Scan the records below for the line containing "Huy chương In" and the line containing "Psycho X Past: Cuộc". Copy both, plus every line between, exactly.

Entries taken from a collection
# # # # # # #

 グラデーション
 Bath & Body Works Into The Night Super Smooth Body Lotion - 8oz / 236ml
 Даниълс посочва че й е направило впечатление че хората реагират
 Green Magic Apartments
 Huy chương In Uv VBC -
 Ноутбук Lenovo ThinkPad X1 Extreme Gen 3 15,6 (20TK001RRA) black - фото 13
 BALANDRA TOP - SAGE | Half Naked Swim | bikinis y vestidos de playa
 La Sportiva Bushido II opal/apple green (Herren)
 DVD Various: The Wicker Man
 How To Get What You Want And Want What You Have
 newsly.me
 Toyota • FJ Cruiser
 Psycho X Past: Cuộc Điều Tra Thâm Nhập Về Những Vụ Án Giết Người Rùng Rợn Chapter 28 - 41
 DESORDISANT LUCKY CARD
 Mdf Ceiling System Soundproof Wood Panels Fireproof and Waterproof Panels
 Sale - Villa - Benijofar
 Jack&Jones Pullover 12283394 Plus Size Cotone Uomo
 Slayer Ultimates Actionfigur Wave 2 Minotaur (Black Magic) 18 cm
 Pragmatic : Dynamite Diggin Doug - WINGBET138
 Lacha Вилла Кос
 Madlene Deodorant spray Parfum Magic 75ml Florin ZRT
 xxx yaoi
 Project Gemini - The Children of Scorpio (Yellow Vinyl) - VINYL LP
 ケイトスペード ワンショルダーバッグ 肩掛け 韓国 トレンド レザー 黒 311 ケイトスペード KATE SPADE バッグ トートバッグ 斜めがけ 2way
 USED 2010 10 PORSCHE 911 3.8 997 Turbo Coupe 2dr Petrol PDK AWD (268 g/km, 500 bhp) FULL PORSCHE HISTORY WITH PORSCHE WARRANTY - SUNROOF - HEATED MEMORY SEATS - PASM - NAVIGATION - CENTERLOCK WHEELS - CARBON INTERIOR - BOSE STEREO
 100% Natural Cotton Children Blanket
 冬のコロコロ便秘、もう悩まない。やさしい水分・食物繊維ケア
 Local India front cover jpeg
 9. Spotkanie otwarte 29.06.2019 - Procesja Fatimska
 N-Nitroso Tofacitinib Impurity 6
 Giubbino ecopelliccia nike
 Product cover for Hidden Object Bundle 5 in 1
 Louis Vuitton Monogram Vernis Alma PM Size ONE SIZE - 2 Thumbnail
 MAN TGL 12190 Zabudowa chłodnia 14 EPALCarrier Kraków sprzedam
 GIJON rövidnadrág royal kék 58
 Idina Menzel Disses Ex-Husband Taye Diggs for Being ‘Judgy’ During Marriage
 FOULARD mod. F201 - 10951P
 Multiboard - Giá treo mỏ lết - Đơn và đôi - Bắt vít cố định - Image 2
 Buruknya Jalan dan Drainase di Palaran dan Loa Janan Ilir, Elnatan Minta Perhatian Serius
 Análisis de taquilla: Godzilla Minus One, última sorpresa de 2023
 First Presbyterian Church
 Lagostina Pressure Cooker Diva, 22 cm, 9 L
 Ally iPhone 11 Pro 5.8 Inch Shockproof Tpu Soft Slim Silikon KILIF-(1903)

# # # # # # #

▶ RESPONSE BELOW:
 Huy chương In Uv VBC -
 Ноутбук Lenovo ThinkPad X1 Extreme Gen 3 15,6 (20TK001RRA) black - фото 13
 BALANDRA TOP - SAGE | Half Naked Swim | bikinis y vestidos de playa
 La Sportiva Bushido II opal/apple green (Herren)
 DVD Various: The Wicker Man
 How To Get What You Want And Want What You Have
 newsly.me
 Toyota • FJ Cruiser
 Psycho X Past: Cuộc Điều Tra Thâm Nhập Về Những Vụ Án Giết Người Rùng Rợn Chapter 28 - 41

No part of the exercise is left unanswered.